Development and evaluation of trapping studies for Hylobius pales (Herbst) and Pissodes nemorensis Germar (Coleoptera: curculionidae) in Virginia Christmas tree plantations
MetadataShow full item record
The pales weevil, Hylobius pales (Herbst), and the deodar weevil, Piss odes nemorensis Germar, are regeneration pests of pine plantations in the eastern United States. Attempts to sample regeneration weevils in Virginia have met with little success. Two trap types were field tested to determine their effectiveness in sampling H. pales and P. nemorensis populations in Virginia Christmas tree plantations. Labor intensive pit traps, using natural host materials and synthetic volatiles, caught significantly more weevils than PVC pitfall traps baited with synthetic volatiles alone.
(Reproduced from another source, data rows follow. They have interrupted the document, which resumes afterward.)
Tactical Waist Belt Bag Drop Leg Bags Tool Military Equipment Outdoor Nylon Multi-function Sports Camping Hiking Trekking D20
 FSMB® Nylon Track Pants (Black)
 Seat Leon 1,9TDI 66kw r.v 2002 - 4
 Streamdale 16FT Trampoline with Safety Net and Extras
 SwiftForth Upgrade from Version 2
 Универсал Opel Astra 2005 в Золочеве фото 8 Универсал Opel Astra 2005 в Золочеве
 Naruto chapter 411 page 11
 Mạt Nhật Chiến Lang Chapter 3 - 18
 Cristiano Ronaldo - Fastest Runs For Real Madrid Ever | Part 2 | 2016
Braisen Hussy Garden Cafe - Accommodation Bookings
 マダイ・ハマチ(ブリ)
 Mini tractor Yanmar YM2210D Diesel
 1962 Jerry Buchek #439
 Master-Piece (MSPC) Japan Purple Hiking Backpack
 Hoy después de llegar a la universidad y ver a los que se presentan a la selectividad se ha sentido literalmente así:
No differences in trap catches were observed between stationary and rotated traps. Vegetation management had no effect on trap catch. However, it was observed that newly planted white pine seedlings (Pinus strobus L.) were fed upon by H. pales at Significantly higher rates in plots not managed for competing vegetation than in herbicide treated plots. Feeding activity in mowed plots was intermediate. Trap catch did not correlate with seedling damage within or among sampling periods, or between years. The seasonal activity of both species is reviewed in detail. Mark-and-recapture techniques used to assess trap efficacy showed traps baited with pine material were most effective, irrespective of trap type. The response of H. pales adults to different ethanol-and-turpentine ratios in a laboratory bioassay did not vary with respect to gender or age. No gender differences in response to treatments were observed in these studies.